Wayne Hamilton, a Philadelphia stay-at-home dad, is a new father. Prior to the birth of his daughter, Julia, he never paid attention to whether a restaurant had a changing table in the men’s restroom or even a family restroom. However, soon after Julia came into his and his partner Mike’s life, their naiveté changed after one of their first outings to Pizzeria Stella. When Julia needed to be changed, they were informed that there was only a changing station in the women’s restroom. The staff handled the situation wonderfully, blocking off the restroom so Hamilton could change Julia, but corporate headquarters wasn’t so accommodating. Hamilton never received a response to his formal request to Starr Group to add changing stations in the Starr Group restaurants. Wayne said he continues to patronize Starr Group restaurants, but it’s never a first choice when they are out with the baby — which is often, since they live, work and play in the city.
A second experience prompted Hamilton to write another restaurant’s corporate headquarters. While dining at Redstone American Grill, he realized there was no changing table. Again, the staff handled it admirably but, feeling frustrated, uncomfortable and mostly annoyed, Hamilton wrote a letter to the COO of Redstone later that evening. By the next day, Mr. Michael O’Leary had not just responded but said he would be installing a changing station in the men’s bathroom immediately.

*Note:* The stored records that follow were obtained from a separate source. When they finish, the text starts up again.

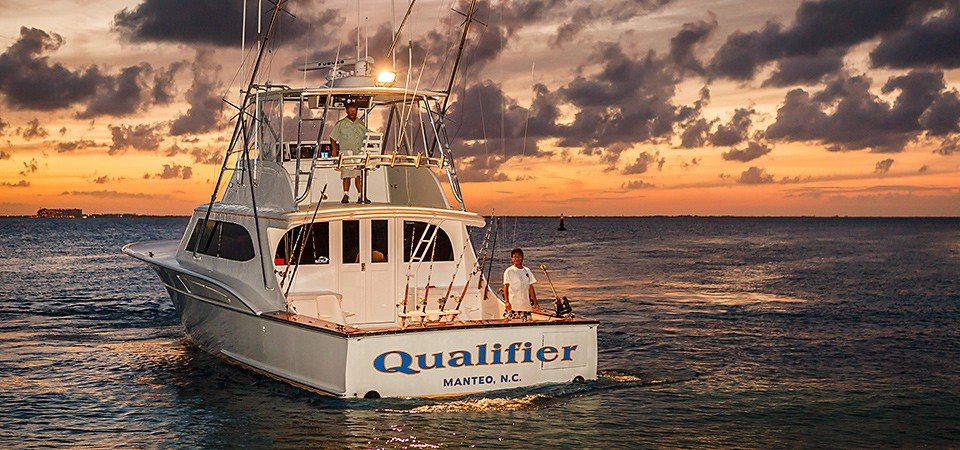 Qualifier photo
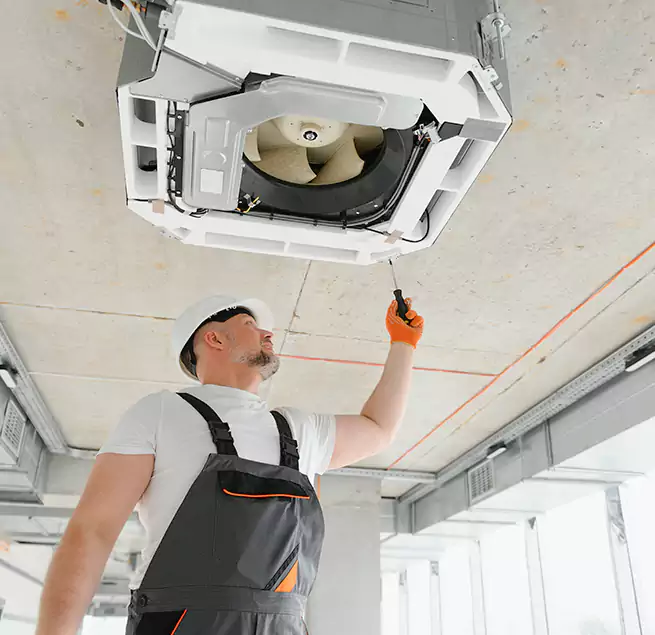 Why Homeowners Businesses Trust Us in Marrero, LA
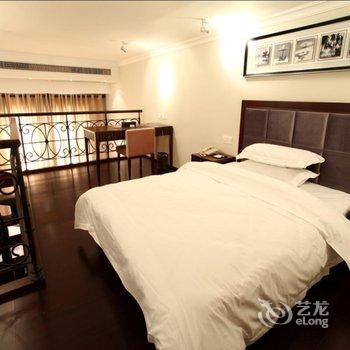 广州邦泰国际公寓酒店提供图片
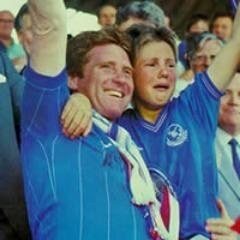I’ve seen bigger men but never better. 18 years today since I spoke to my best mate. 😢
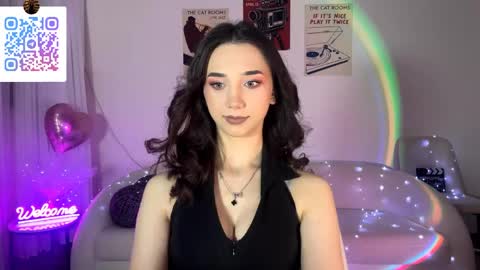 Snapshot of lilihalvorsen chatting on 05/08/26, 10:26 Lina online show from 05/08/26, 10:26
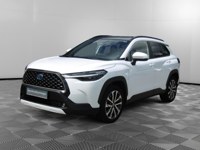 Toyota Corolla Cross 2023 occasion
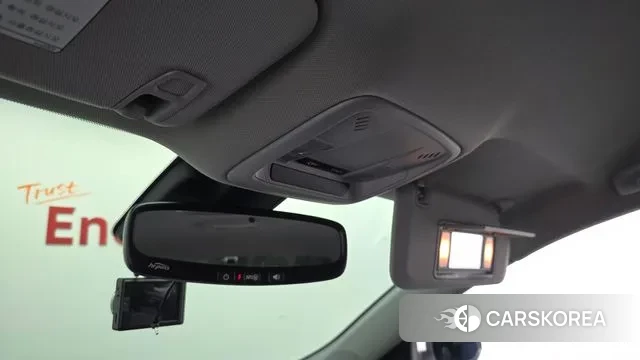 Chevrolet (GM Daewoo) The New Malibu id 2995500 из Кореи 9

The quick response and accommodation prompted Hamilton to spread the word about Redstone on Facebook and across other social media, and the goodwill associated with the gesture means his family will surely be eating again at Redstone American Grill whenever they are in New Jersey visiting “Mom-Mom”!
Families are now headed by two dads, two moms, mom and dads, single parents and extended caretakers. This small, inexpensive change goes a long way in sending a signal that a company is open for business to all families. The California “Diaper Mandate” acknowledges that traditional gender roles, with women as the primary caregiver for children, are changing and, simultaneously, there is a growing number of same-sex households with children. The California bills, and those to follow, are a sign of progress, a victory for gay fathers and also a moment of empowerment for mothers everywhere.